AI study workflow
How to make flashcards with AI that actually stick until exam day

AI turned a four-hour job into a four-minute one. Paste your notes, ask for flashcards, and a hundred cards appear before your coffee is cold. Then exam week arrives and you remember almost none of them.
Here is the catch nobody mentions: AI is brilliant at making flashcards fast, and terrible at making flashcards that stick. The speed is real. The retention is not, unless you direct the tool properly. This guide is the part that turns a generated deck into one you will still recall on the ward, in the viva, or in the written paper.
1. Why most AI flashcards quietly fail
When you drop a chapter into ChatGPT or Claude and ask for cards, it does what language models do best: it summarises. It packages your notes into tidy question and answer pairs that look great on screen. But looking great and being memorable are different things. The same failures show up again and again:
The usual failures
- One card asking three things at once
- Answers you recognise but cannot actually retrieve
- Phrasing copied word for word from your notes
- Cards with no topic, so you forget what they belong to
- Two hundred cards dumped in with no curation
What a good card does
- Tests exactly one fact or idea
- Forces you to recall, not just nod along
- Is reworded, so you learn the concept not the sentence
- Carries its topic in brackets for instant context
- Survives a ruthless edit before it ever gets imported
The fix is not to abandon AI. It is to stop letting it improvise.

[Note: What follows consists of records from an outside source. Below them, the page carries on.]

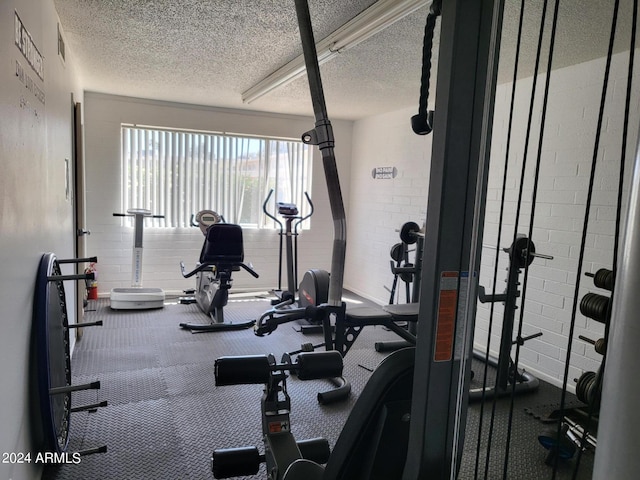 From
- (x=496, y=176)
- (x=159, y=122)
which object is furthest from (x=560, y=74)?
(x=159, y=122)

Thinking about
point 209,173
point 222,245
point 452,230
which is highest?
point 209,173

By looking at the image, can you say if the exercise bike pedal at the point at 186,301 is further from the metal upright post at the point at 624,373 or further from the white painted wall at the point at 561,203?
the metal upright post at the point at 624,373

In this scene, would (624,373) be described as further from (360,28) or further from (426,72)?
(360,28)

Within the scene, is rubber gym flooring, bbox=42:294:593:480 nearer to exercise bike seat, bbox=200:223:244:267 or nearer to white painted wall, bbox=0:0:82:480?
white painted wall, bbox=0:0:82:480


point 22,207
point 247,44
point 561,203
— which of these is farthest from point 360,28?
point 22,207

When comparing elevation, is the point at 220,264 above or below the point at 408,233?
below

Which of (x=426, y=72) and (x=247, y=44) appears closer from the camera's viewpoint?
(x=426, y=72)

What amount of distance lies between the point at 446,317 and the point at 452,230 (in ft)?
0.68

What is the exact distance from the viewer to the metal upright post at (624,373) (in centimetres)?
48

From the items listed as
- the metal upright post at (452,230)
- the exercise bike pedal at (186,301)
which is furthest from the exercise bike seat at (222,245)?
the metal upright post at (452,230)

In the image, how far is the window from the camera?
5.59 m

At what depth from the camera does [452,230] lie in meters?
1.04

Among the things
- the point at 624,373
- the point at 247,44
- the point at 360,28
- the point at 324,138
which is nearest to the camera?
the point at 624,373

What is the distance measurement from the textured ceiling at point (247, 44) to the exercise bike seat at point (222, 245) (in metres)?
1.48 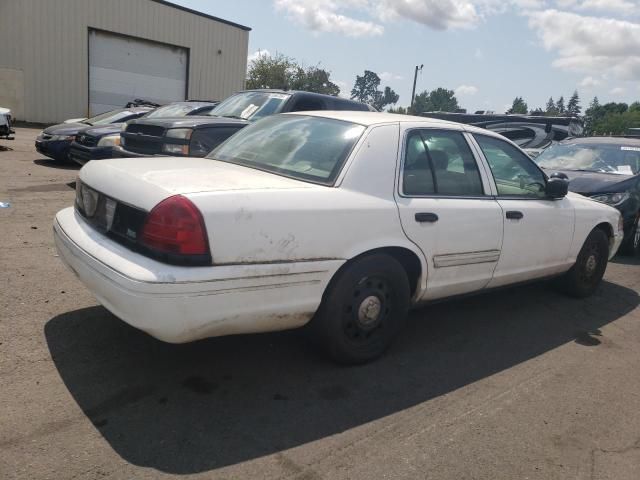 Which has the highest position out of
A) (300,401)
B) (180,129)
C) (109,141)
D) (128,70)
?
(128,70)

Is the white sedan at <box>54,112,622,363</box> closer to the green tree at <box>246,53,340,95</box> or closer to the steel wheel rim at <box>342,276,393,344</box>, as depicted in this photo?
the steel wheel rim at <box>342,276,393,344</box>

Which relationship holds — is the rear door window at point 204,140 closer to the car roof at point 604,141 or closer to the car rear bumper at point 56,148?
the car rear bumper at point 56,148

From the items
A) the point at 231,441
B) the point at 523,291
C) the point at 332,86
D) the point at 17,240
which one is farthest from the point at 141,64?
the point at 332,86

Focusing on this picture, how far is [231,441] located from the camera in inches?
108

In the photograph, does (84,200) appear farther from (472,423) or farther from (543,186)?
(543,186)

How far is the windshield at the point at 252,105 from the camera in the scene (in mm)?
8023

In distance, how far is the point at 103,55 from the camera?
23.9m

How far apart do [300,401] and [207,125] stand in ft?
15.8

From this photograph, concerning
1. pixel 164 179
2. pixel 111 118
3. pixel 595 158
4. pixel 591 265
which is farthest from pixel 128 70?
pixel 164 179

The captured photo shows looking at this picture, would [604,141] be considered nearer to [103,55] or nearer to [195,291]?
[195,291]

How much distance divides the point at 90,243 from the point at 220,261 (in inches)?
35.5

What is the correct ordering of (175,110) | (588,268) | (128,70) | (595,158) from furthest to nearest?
(128,70) < (175,110) < (595,158) < (588,268)

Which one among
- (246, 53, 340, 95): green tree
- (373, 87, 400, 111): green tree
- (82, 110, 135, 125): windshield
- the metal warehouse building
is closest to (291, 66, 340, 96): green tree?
(246, 53, 340, 95): green tree

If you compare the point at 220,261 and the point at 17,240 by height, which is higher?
the point at 220,261
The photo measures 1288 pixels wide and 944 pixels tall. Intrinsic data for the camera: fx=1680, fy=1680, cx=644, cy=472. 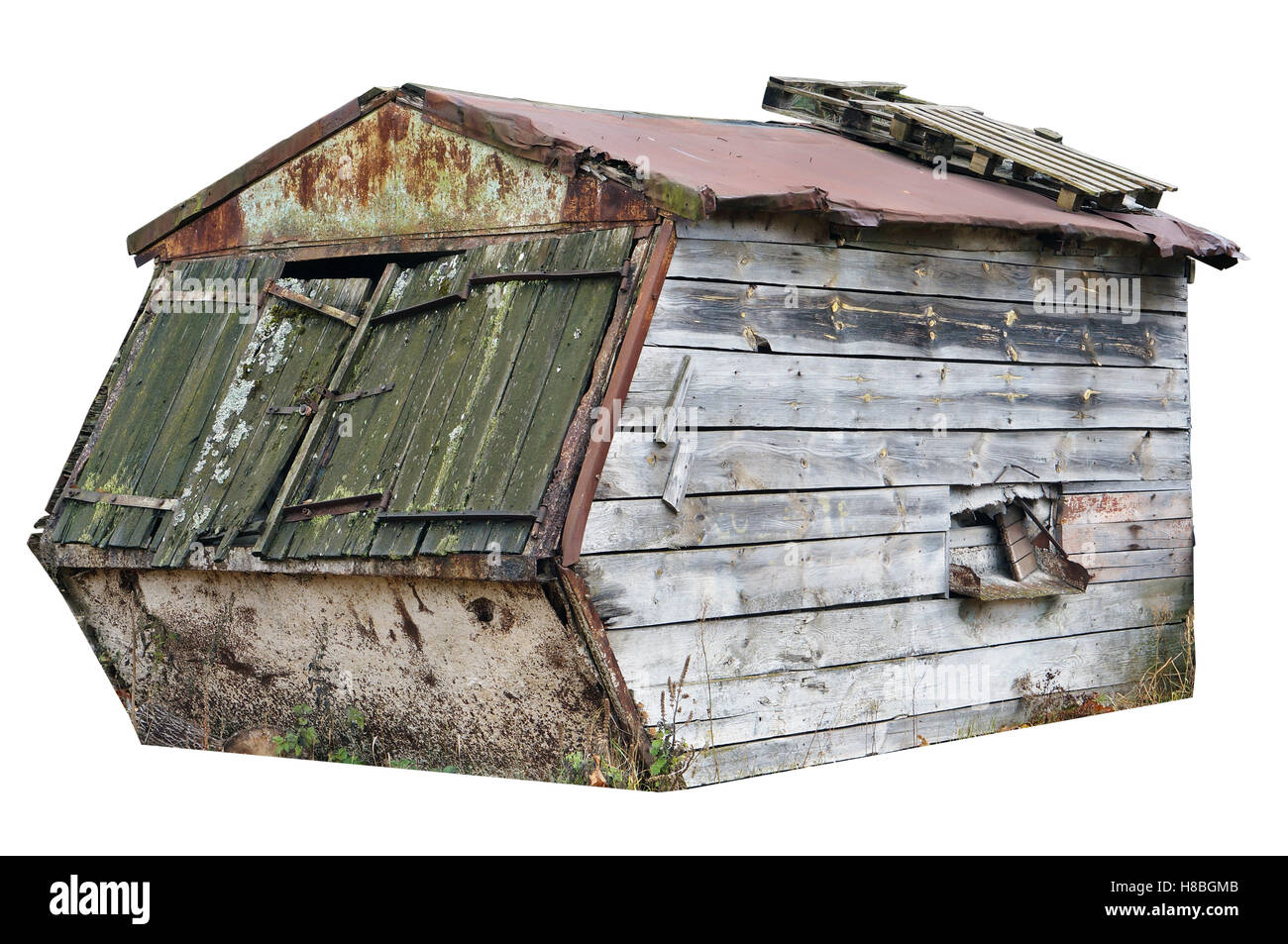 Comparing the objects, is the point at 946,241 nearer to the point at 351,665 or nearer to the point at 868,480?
the point at 868,480

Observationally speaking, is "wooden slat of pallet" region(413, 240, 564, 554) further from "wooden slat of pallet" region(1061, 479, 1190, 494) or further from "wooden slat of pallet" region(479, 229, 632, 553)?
"wooden slat of pallet" region(1061, 479, 1190, 494)

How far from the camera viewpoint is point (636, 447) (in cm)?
778

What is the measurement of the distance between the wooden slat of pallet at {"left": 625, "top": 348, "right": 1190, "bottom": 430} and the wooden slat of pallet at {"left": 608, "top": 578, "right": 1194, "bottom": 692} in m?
0.99

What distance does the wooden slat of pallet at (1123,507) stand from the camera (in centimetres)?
1005

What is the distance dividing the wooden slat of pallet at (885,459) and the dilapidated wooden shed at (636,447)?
0.02m

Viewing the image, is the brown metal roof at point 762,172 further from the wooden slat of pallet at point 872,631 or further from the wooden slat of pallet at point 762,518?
the wooden slat of pallet at point 872,631

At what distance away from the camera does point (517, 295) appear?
8.40 meters

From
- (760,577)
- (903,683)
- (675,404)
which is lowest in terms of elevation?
(903,683)

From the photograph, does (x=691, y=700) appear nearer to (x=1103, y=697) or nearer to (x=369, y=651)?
(x=369, y=651)

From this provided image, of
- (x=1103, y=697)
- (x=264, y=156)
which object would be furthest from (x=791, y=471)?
(x=264, y=156)

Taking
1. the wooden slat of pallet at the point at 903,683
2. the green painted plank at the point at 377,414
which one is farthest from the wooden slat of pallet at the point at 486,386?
the wooden slat of pallet at the point at 903,683

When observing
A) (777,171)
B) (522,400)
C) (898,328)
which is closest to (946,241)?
(898,328)

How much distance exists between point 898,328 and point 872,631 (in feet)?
5.30

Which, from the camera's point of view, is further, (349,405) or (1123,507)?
(1123,507) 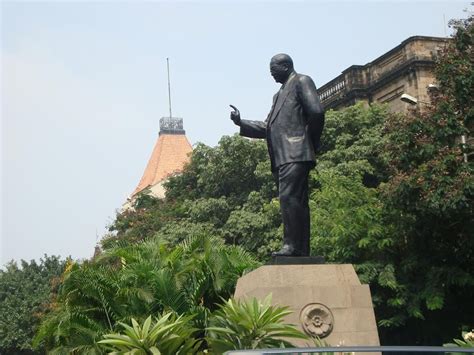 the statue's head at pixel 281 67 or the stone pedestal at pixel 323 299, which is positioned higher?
the statue's head at pixel 281 67

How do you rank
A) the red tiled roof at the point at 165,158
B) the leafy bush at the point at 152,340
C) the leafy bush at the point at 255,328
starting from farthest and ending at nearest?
1. the red tiled roof at the point at 165,158
2. the leafy bush at the point at 152,340
3. the leafy bush at the point at 255,328

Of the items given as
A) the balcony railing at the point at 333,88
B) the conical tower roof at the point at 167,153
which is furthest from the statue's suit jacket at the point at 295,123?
the conical tower roof at the point at 167,153

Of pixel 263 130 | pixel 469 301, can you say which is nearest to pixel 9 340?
pixel 469 301

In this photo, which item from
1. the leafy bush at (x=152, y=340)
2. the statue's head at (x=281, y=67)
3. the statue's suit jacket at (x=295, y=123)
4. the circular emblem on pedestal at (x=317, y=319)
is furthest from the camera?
the statue's head at (x=281, y=67)

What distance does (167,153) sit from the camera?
61.5 m

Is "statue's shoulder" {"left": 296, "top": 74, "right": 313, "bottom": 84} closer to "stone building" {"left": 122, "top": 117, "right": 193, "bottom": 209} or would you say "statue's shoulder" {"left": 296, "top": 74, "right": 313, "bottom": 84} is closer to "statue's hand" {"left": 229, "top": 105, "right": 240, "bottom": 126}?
"statue's hand" {"left": 229, "top": 105, "right": 240, "bottom": 126}

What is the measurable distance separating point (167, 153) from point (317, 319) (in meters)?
53.2

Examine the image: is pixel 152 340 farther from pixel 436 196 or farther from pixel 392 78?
pixel 392 78

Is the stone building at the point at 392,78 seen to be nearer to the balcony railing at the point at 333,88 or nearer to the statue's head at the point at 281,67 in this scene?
the balcony railing at the point at 333,88

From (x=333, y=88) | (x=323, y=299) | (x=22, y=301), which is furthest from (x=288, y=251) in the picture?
(x=22, y=301)

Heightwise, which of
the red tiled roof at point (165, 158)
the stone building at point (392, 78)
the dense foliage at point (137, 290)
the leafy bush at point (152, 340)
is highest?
the red tiled roof at point (165, 158)

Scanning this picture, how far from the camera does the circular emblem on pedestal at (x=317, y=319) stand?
8.66 meters

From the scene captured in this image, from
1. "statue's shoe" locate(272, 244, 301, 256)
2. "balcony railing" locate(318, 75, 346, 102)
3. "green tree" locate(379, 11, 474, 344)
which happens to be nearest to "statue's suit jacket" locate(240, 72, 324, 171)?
"statue's shoe" locate(272, 244, 301, 256)

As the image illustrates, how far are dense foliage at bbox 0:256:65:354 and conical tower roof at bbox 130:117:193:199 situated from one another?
11393 millimetres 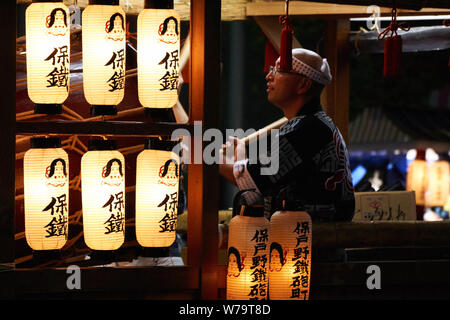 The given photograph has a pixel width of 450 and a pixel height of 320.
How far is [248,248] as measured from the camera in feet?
13.6

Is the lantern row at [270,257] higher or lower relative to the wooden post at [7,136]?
lower

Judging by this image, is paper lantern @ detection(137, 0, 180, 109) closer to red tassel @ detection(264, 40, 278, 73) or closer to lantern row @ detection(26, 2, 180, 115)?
lantern row @ detection(26, 2, 180, 115)

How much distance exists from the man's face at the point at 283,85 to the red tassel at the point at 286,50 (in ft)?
1.00

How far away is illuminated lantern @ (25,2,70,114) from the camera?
13.4ft

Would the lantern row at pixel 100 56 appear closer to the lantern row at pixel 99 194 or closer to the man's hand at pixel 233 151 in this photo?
the lantern row at pixel 99 194

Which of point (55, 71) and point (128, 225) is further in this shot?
point (128, 225)

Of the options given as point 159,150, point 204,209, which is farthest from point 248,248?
point 159,150

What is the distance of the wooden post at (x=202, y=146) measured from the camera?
445 cm

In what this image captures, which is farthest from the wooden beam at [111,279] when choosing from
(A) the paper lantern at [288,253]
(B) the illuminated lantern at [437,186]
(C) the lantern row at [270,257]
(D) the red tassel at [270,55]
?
(B) the illuminated lantern at [437,186]

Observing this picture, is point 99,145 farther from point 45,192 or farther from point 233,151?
point 233,151

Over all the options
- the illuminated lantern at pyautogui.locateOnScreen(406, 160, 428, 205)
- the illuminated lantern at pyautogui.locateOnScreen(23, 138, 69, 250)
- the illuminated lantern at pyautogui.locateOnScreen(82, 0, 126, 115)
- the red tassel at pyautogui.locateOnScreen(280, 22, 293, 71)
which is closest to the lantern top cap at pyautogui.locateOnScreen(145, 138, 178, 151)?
the illuminated lantern at pyautogui.locateOnScreen(82, 0, 126, 115)

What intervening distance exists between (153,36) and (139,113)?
0.99 metres

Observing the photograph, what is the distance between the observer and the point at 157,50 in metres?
4.30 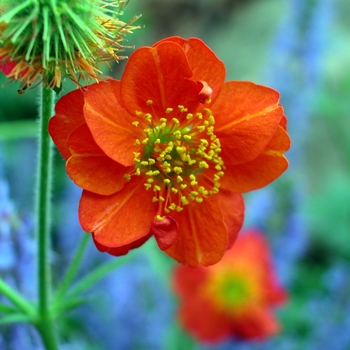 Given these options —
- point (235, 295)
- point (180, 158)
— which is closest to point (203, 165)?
point (180, 158)

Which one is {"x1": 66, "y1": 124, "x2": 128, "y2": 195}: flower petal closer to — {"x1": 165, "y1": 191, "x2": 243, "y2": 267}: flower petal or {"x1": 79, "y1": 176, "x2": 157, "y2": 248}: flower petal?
{"x1": 79, "y1": 176, "x2": 157, "y2": 248}: flower petal

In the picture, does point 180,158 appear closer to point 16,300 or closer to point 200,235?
point 200,235

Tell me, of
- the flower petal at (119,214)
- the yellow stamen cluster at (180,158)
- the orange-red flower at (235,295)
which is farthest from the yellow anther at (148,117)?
the orange-red flower at (235,295)

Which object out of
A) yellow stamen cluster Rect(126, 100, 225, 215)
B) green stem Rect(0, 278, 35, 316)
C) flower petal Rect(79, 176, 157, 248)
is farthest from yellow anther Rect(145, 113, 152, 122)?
green stem Rect(0, 278, 35, 316)

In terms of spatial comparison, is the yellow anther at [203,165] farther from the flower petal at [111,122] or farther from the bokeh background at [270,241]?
the bokeh background at [270,241]

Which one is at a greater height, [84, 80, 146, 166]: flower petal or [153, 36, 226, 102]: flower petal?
[153, 36, 226, 102]: flower petal

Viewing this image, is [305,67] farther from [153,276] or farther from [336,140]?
[336,140]
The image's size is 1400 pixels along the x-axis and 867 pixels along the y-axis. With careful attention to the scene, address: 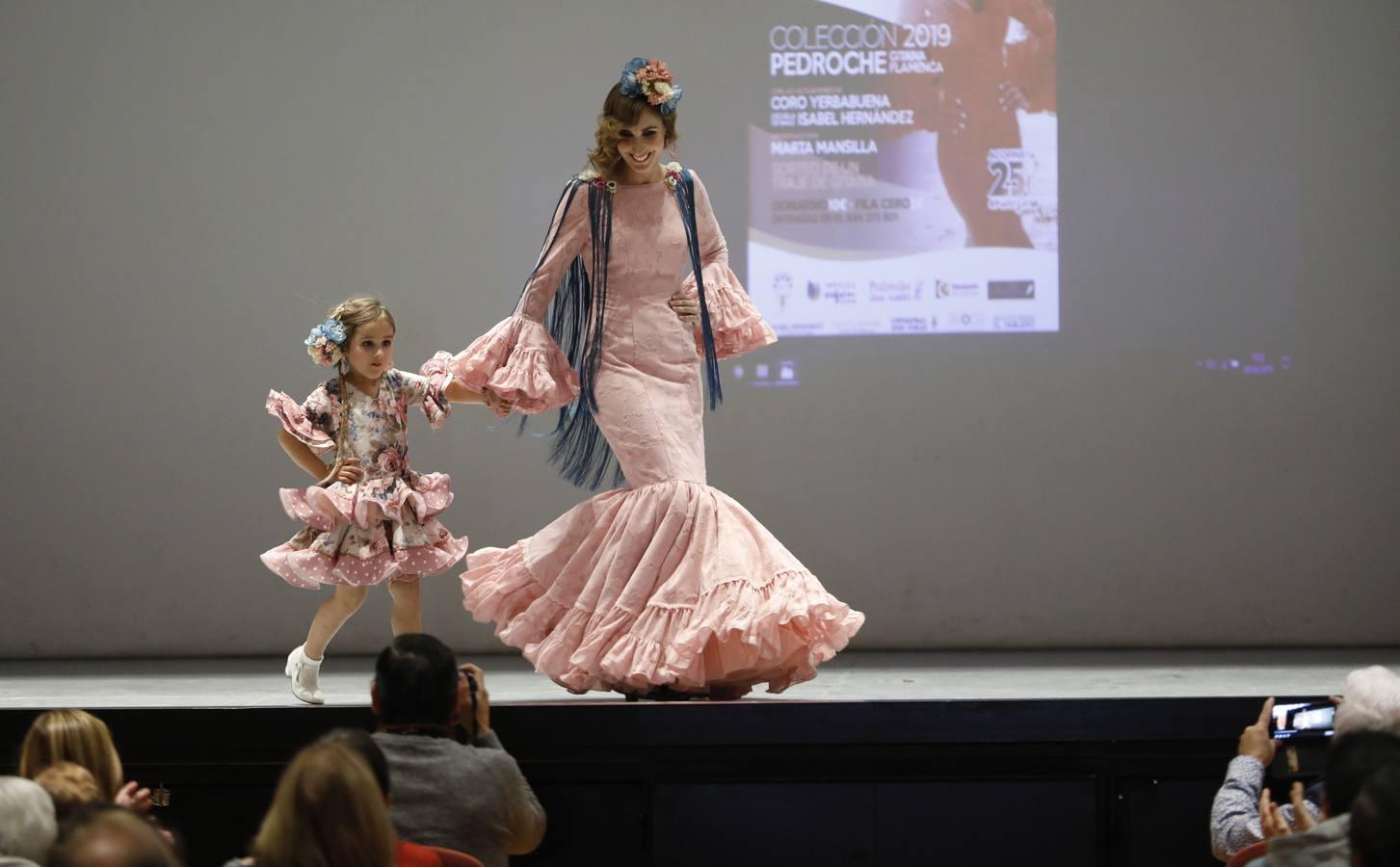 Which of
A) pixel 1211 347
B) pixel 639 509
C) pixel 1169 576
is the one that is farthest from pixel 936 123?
pixel 639 509

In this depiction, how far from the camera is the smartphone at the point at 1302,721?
2828 mm

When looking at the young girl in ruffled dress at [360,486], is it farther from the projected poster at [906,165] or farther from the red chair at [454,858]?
the projected poster at [906,165]

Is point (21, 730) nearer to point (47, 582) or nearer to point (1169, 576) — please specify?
point (47, 582)

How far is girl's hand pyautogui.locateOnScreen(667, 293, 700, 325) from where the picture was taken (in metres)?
4.15

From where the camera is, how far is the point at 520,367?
405 centimetres

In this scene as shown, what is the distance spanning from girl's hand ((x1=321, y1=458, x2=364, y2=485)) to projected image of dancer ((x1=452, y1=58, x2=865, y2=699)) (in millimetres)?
369

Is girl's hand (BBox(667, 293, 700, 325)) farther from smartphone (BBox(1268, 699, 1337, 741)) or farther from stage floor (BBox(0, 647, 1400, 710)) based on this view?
smartphone (BBox(1268, 699, 1337, 741))

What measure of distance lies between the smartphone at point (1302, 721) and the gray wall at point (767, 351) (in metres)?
3.83

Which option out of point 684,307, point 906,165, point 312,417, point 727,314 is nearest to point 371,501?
point 312,417

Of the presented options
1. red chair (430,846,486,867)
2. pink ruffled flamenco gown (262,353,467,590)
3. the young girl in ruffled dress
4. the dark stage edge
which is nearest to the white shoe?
the young girl in ruffled dress

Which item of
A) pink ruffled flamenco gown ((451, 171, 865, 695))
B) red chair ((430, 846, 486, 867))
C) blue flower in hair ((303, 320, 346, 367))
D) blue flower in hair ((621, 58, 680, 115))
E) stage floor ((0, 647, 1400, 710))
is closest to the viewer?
red chair ((430, 846, 486, 867))

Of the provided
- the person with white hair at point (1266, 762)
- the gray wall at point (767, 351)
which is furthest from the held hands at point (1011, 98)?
the person with white hair at point (1266, 762)

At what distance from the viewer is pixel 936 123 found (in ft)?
21.3

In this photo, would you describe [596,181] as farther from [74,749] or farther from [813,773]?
[74,749] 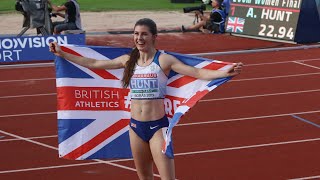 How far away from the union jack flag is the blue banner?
20.6 feet

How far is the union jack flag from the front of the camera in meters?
17.6

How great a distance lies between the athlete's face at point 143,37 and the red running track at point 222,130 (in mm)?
2362

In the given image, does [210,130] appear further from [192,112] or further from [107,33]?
[107,33]

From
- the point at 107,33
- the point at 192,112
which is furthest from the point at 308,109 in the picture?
the point at 107,33

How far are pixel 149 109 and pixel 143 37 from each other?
65 cm

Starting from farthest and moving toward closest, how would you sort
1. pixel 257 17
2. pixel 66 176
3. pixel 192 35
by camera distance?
pixel 192 35, pixel 257 17, pixel 66 176

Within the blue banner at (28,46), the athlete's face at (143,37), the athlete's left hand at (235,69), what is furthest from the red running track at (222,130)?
the athlete's face at (143,37)

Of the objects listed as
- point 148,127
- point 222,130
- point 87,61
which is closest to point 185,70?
point 148,127

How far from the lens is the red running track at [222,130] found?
650cm

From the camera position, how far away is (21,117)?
8945 mm

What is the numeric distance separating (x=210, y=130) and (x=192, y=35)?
10.7 meters

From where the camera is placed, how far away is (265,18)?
16.8 m

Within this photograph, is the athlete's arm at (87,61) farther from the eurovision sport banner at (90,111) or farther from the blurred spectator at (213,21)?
the blurred spectator at (213,21)

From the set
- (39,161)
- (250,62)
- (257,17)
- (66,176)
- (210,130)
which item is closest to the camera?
(66,176) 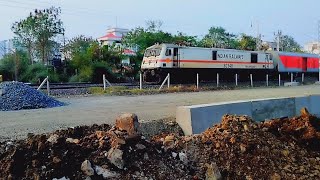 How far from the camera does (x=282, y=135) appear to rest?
21.4ft

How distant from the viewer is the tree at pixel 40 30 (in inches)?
1722

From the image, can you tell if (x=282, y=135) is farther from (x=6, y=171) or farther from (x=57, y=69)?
(x=57, y=69)

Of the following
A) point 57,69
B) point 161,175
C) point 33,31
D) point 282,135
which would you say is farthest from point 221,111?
point 33,31

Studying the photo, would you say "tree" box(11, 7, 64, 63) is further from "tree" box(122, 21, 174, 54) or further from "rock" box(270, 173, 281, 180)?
"rock" box(270, 173, 281, 180)

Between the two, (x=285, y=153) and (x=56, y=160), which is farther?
(x=285, y=153)

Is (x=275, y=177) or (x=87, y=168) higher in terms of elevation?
(x=87, y=168)

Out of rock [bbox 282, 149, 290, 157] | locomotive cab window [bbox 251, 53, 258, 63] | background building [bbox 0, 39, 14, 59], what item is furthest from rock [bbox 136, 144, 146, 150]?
background building [bbox 0, 39, 14, 59]

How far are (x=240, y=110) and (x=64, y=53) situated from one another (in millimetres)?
43877

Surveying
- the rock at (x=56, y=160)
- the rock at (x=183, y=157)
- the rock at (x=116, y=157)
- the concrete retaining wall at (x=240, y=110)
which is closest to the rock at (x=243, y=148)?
the rock at (x=183, y=157)

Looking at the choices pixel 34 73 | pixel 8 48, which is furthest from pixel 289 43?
pixel 34 73


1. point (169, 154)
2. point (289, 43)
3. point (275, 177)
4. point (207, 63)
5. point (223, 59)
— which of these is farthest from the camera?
point (289, 43)

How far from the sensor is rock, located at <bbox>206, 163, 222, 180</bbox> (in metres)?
5.16

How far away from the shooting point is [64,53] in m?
49.3

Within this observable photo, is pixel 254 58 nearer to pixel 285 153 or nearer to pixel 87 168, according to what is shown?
pixel 285 153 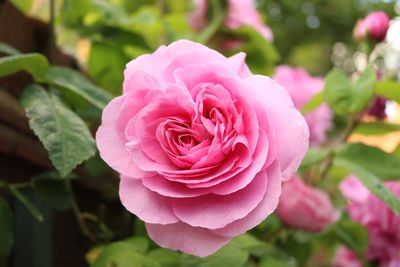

2. The one rule that matters most
In 1999, Dr Piotr Wozniak, who built the algorithm that Anki is based on, wrote Twenty Rules of Formulating Knowledge. It is still the closest thing to a flashcard bible. Most of it collapses into one principle that AI breaks constantly, the Minimum Information Principle: each card should test one tiny thing.
Describe the median nerve: its roots, the thumb muscle it supplies, and the test used for carpal tunnel.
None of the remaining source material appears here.